EXERCISE INSTRUCTIONS: Taking the line with "Free photo goat" as the first and the line with "Slide: The Image" as the last, set down exactly every line in that range from the entries below, and no more.

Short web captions
*** Block opens ***
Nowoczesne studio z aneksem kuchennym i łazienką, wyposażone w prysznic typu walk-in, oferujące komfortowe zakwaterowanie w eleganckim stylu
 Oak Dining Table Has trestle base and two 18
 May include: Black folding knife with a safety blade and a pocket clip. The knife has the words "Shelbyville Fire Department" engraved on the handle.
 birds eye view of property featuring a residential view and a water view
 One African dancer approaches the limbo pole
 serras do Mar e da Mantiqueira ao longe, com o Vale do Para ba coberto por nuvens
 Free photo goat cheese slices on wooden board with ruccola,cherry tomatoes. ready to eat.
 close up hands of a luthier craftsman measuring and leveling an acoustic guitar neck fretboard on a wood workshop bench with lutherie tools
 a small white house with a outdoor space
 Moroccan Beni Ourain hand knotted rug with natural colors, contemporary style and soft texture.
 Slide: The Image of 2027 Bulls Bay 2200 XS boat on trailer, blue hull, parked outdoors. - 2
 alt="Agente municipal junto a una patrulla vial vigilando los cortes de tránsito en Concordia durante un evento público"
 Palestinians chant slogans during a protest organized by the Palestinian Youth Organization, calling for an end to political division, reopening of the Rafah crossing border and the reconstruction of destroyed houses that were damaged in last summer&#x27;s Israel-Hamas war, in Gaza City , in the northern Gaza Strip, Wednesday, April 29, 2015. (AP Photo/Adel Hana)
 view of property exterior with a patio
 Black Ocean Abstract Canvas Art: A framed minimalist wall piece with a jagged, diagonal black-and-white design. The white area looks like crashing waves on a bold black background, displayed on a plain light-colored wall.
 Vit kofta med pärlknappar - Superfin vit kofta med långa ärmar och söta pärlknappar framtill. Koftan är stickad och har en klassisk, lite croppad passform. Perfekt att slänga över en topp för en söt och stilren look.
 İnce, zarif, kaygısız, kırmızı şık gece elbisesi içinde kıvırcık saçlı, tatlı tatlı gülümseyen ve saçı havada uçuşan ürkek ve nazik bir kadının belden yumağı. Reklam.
*** Block closes ***
EXERCISE RESULT:
 Free photo goat cheese slices on wooden board with ruccola,cherry tomatoes. ready to eat.
 close up hands of a luthier craftsman measuring and leveling an acoustic guitar neck fretboard on a wood workshop bench with lutherie tools
 a small white house with a outdoor space
 Moroccan Beni Ourain hand knotted rug with natural colors, contemporary style and soft texture.
 Slide: The Image of 2027 Bulls Bay 2200 XS boat on trailer, blue hull, parked outdoors. - 2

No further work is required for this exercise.